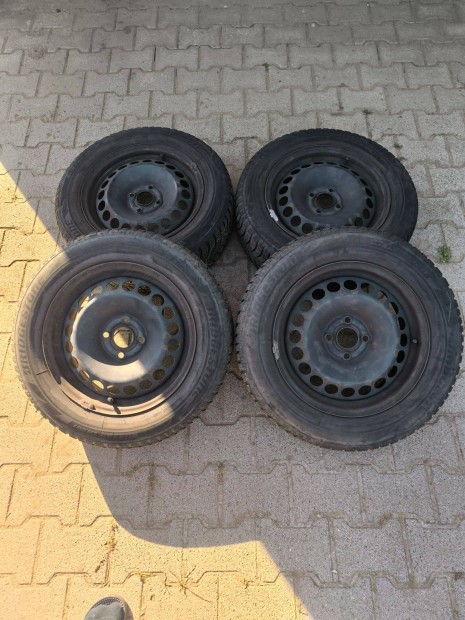 Acélfelni téligumival 15 coll 4x100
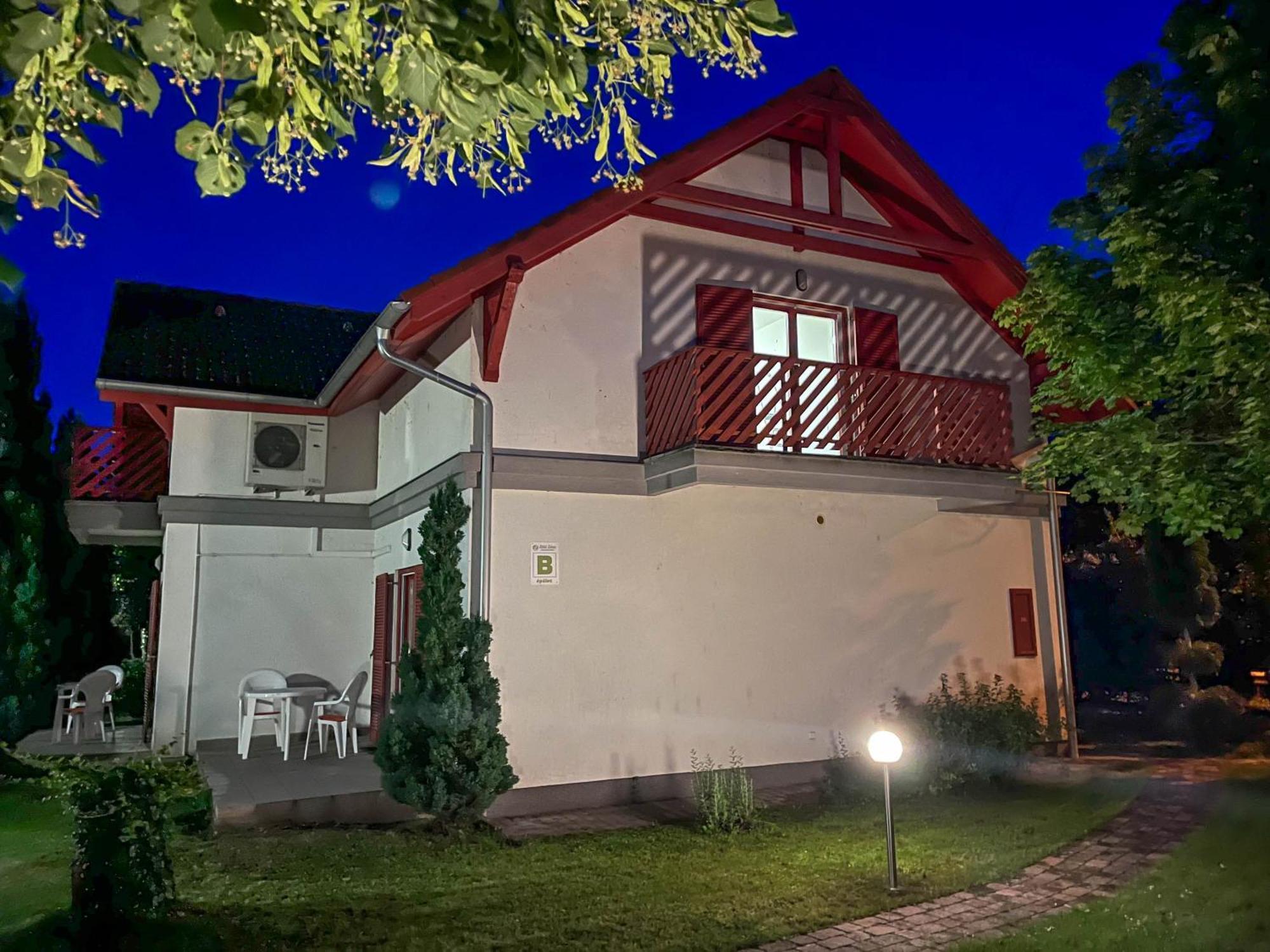 Zoeld Zona Zamardi Ueduelo Bed & Breakfast Bagian luar foto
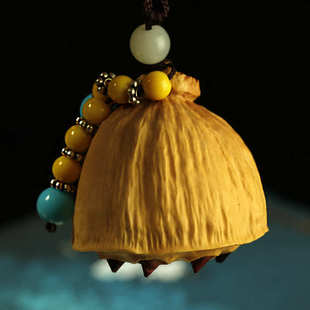 厂家批发黄杨木雕汽车挂件木质莲蓬文玩手把件莲子工艺品吊坠连生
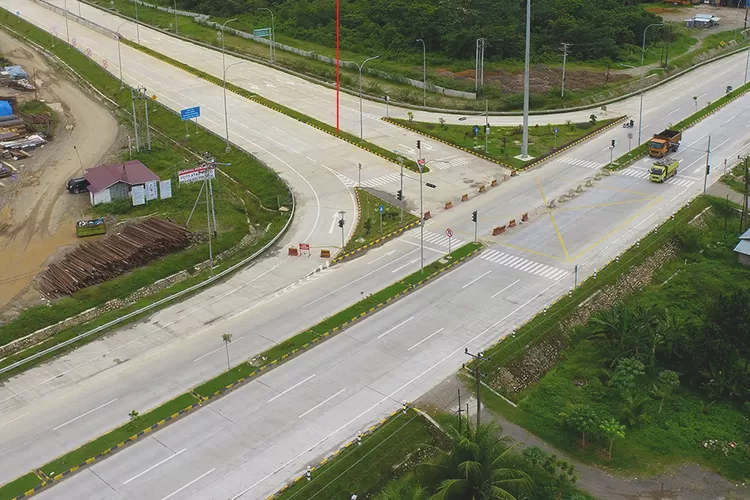 Jalan Tol Padang Sicincin si paling ribet di Indonesia, ternyata inovasinya luar biasa begini (hkinfrastruktur.com)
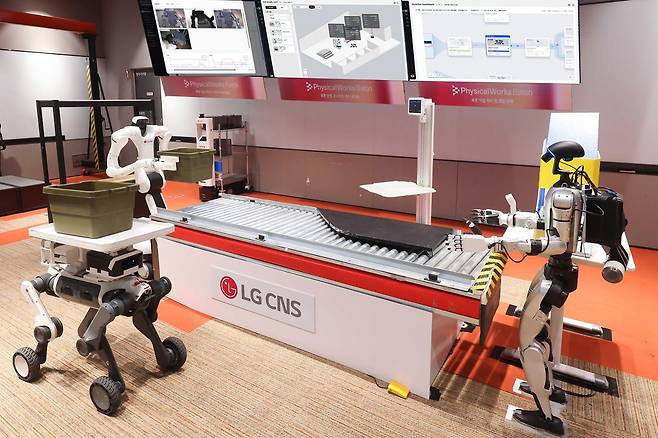 LG CNS ‘피지컬웍스 포지’로 학습을 마친 4종 로봇이 ‘피지컬웍스 바통’을 기반으로 물류 현장에서 자율협업하며 작업을 수행하고 있다.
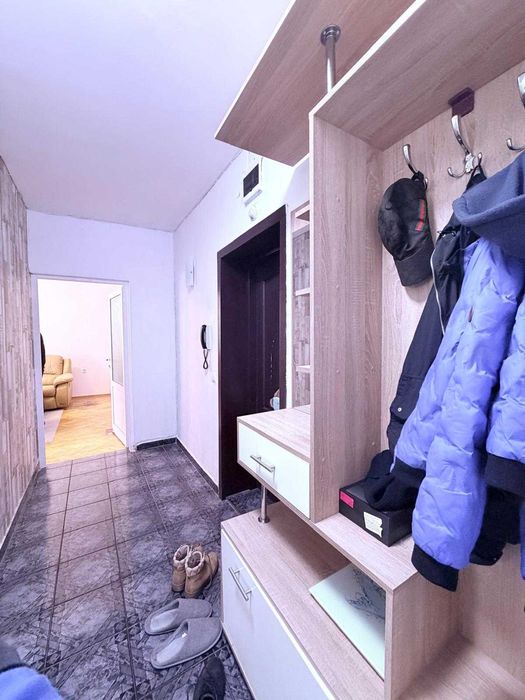 Тристаен тухлен до Гранд МОЛ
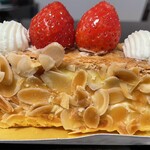 アンリ・シャルパンティエ - 料理写真:ナポレオンパイ 810円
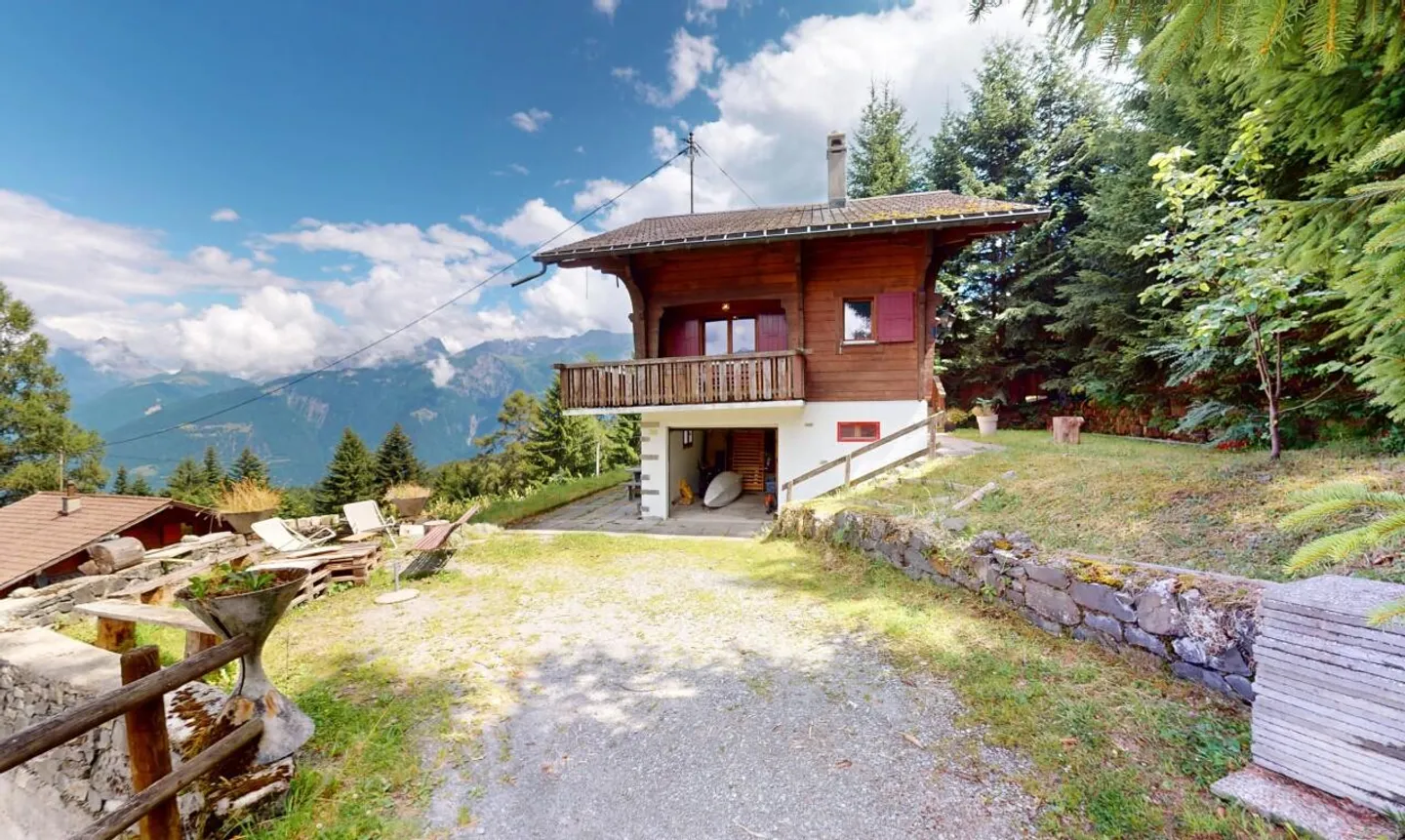 Chalet with Stunning Mountain Views - Photo 1 of 11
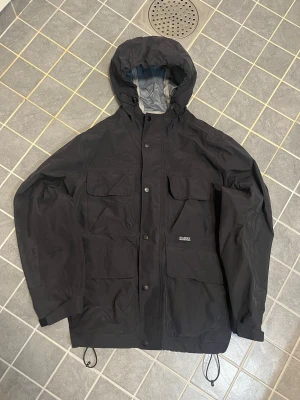 Stussy jacka - Riktigt fet Stussy jacka köpt här på Plick för nåt år sen men som inte riktigt passar mig tyvärr. Typ som en vindjacka eller tunnare jacka. Köp sker via ”köp nu” funktionen :) 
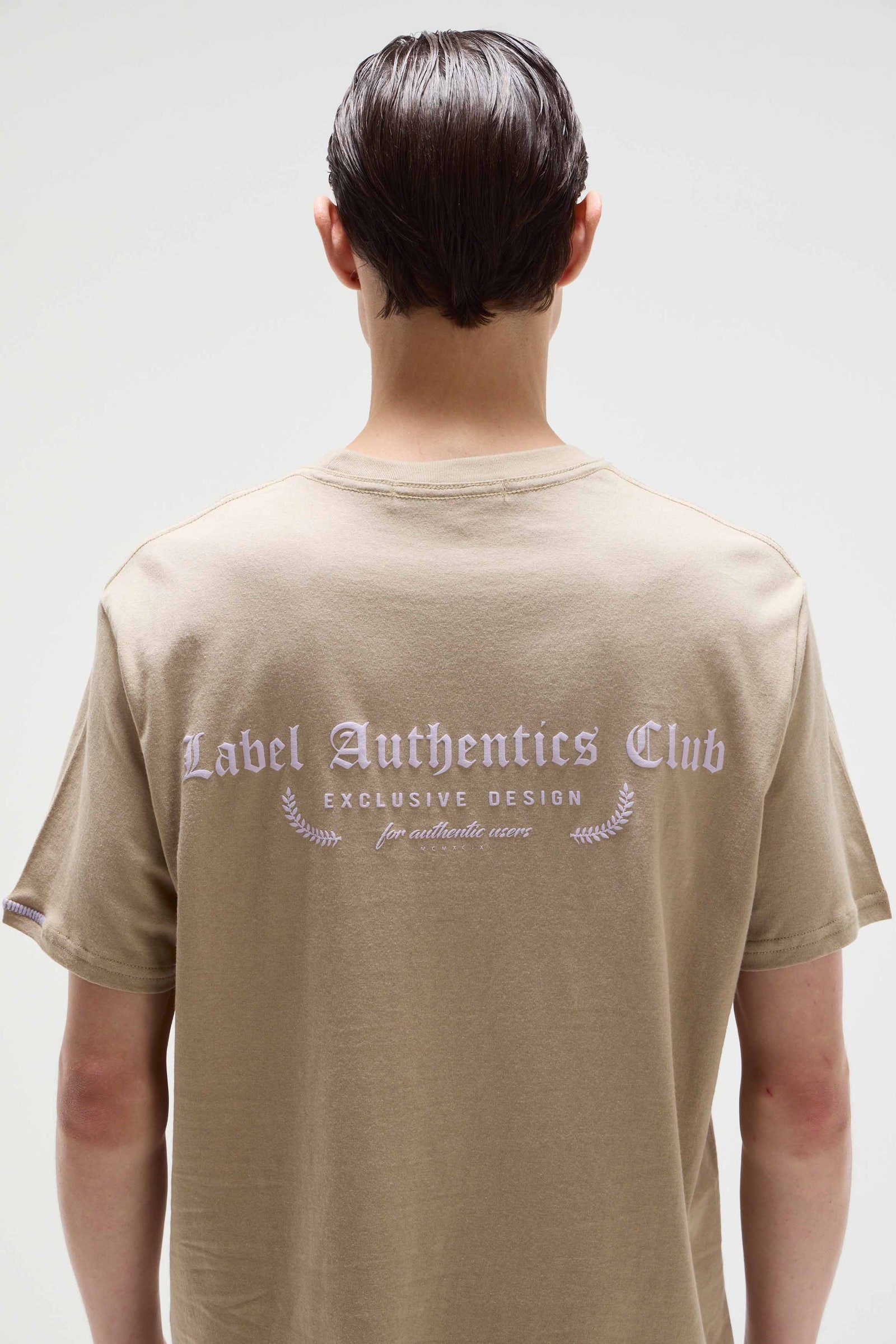 REMERA AUTHENTICS CLUB EXCLUSIVE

════════

Required work — No pictures belong in the copy. Return exactly the lines from the line containing "LG CNS ‘피지컬웍스" through the last line of the listing.

Answer to this task —
 LG CNS ‘피지컬웍스 포지’로 학습을 마친 4종 로봇이 ‘피지컬웍스 바통’을 기반으로 물류 현장에서 자율협업하며 작업을 수행하고 있다.
 Тристаен тухлен до Гранд МОЛ
 アンリ・シャルパンティエ - 料理写真:ナポレオンパイ 810円
 Chalet with Stunning Mountain Views - Photo 1 of 11
 Stussy jacka - Riktigt fet Stussy jacka köpt här på Plick för nåt år sen men som inte riktigt passar mig tyvärr. Typ som en vindjacka eller tunnare jacka. Köp sker via ”köp nu” funktionen :) 
 REMERA AUTHENTICS CLUB EXCLUSIVE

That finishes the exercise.